I like crafts, I use My Samsung tablet 10.1 and Youtube for tutorials. Or rather, I USED Youtube for tutorials because after not using my tablet for about 3 weeks or so, I cannot watch any video on Youtube in full size.

This is what happens.

I go to Youtube through Firefox. 

I see a page with on the left side small windows of videos I have watched in the past, and probably some suggested by Youtube. WHen I click on a video I want to watch, this window becomes about twice the size of the little windows that show on the left, and moves to the top op the page, in a black bar. It has the white arrow in the middle where you click to start the video. When I do that the screen becomes all white with a red bar in the top. Right in the middle of the page a small exclamation mark appears with next to it 'An error occurred', and below it a link with 'Retry'. WHen I click 'Retry' the same page with the error message keeps coming back.

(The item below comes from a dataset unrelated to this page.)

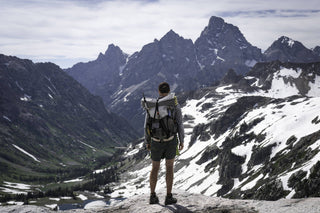 A person standing on top of a mountain with a backpack.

This what happens when I use Firefox or the Youtube app. On my tablet I am trying to find something under 'settings', somewhere on the tablet but frankly, I think I am too stupid to figure this out myself. 

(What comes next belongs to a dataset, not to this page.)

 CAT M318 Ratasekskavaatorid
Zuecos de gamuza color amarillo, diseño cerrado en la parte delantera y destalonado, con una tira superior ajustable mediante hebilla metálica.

Any, ANY advise would be greatly appreciated (even take a hammer to your tablet and hit any key..)
Regards
Mildred


----------



## fishscene (Apr 1, 2015)

We can try clearing out the data for the youtube app:

1) Under Settings, you may have to hunt around a bit, but look for "Application manager". On my device, it is under "More".
2) Scroll over (left or right) so that you are viewing ALL applications. Then scroll all the way down to "Youtube".
3) Click "Clear data" and "Clear cache". 

This should reset the app to standard uncustomized settings, but will leave the updates to the youtube app intact.


----------